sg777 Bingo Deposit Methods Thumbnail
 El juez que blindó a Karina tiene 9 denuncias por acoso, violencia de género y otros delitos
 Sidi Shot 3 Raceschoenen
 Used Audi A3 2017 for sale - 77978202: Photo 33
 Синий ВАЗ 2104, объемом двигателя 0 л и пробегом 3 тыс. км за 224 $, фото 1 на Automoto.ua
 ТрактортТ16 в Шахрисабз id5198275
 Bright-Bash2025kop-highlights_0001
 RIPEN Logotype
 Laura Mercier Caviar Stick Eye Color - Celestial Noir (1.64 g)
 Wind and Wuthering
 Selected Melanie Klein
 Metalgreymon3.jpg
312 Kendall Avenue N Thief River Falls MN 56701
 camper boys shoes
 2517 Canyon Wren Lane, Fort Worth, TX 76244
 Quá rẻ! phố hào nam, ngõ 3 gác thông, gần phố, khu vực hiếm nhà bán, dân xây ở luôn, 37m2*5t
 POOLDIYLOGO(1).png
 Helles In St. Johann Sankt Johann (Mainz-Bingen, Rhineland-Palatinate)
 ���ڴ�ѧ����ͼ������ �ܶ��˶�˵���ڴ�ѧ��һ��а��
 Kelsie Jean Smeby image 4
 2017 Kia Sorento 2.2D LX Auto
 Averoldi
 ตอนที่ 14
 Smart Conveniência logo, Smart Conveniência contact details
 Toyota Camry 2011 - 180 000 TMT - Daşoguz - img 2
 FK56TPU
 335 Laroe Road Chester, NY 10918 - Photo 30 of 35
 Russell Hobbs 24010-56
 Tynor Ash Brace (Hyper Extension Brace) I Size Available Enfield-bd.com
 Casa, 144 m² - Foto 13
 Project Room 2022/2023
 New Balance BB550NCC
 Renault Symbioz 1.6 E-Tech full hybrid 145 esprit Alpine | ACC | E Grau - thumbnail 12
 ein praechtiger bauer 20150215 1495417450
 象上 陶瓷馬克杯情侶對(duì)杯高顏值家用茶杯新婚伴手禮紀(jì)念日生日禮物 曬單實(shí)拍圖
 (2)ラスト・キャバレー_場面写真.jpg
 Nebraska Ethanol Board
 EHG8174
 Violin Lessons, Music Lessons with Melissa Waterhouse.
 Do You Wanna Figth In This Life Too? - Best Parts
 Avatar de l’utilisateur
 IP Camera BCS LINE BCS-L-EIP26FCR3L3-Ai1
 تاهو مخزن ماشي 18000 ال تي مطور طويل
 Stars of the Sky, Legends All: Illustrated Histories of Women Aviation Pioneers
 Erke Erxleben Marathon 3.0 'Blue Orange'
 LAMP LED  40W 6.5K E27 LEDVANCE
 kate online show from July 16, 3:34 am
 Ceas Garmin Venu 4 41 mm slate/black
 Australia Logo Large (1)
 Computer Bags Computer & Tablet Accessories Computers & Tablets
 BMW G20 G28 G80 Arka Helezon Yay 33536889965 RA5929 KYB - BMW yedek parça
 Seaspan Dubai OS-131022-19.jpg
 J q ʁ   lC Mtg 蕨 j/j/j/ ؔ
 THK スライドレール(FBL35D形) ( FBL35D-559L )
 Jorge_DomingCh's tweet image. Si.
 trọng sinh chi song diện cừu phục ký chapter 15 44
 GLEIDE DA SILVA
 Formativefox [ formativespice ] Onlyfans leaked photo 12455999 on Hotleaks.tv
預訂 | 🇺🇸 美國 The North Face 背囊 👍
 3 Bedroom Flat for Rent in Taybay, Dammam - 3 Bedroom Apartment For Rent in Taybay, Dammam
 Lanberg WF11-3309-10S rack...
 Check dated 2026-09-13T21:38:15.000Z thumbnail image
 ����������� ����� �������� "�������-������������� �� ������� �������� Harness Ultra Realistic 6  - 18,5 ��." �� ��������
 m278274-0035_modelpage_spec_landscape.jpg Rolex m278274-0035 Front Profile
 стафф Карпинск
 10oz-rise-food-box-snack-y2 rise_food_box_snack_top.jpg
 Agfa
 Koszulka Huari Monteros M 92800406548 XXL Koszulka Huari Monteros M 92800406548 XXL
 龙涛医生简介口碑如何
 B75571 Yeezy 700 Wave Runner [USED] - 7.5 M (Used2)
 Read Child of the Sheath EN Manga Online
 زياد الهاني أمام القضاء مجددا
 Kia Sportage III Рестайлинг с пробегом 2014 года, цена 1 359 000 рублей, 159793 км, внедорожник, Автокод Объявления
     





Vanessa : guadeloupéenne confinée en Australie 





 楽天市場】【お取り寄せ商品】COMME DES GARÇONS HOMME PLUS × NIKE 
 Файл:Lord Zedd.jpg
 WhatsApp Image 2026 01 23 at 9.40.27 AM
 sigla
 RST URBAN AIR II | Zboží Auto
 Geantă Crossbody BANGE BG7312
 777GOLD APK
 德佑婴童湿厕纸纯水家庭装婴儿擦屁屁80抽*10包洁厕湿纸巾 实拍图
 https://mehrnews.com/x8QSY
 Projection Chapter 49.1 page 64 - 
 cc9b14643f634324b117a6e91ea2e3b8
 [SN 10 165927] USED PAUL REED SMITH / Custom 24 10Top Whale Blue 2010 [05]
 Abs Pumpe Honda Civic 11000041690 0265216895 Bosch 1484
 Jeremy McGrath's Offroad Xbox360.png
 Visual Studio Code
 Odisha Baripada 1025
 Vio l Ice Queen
***
Search the records for the word "пробегом" and return every line that holds it.

▸ Task result
 Синий ВАЗ 2104, объемом двигателя 0 л и пробегом 3 тыс. км за 224 $, фото 1 на Automoto.ua
 Kia Sportage III Рестайлинг с пробегом 2014 года, цена 1 359 000 рублей, 159793 км, внедорожник, Автокод Объявления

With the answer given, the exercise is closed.